* Exercise requirements
A verbatim transcript of the data that follows, free of images, is the expected result.

* Data below
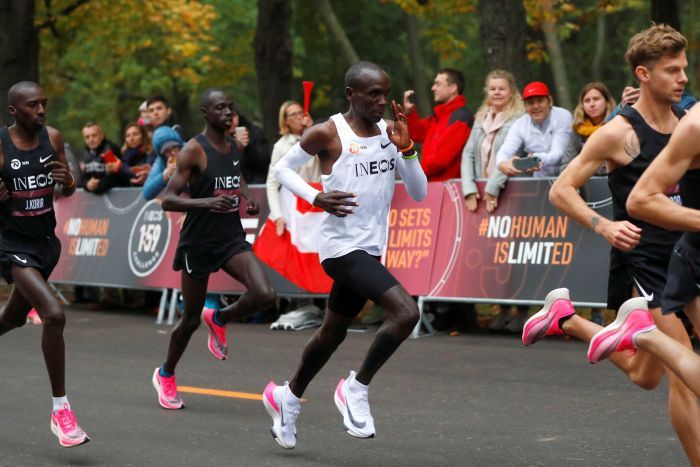 nike最高配置鞋</h2>

<p>　　事出有因——著名长跑健将基普乔格在此前于奥地利维也纳的普拉特公园，以1小时59分40 秒的成绩，完成了人类马拉松项目首次破2的创举！值得一提的是，基普乔格当时上脚的就是这双Nike AlphaFly跑鞋！而这双跑鞋出色的性能，似乎是成为了基普乔格破纪录的“秘密武器”之一。</p>

<p>　　<img alt=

* The completed task
 nike最高配置鞋</h2>

<p>　　事出有因——著名长跑健将基普乔格在此前于奥地利维也纳的普拉特公园，以1小时59分40 秒的成绩，完成了人类马拉松项目首次破2的创举！值得一提的是，基普乔格当时上脚的就是这双Nike AlphaFly跑鞋！而这双跑鞋出色的性能，似乎是成为了基普乔格破纪录的“秘密武器”之一。</p>

<p>　　<img alt=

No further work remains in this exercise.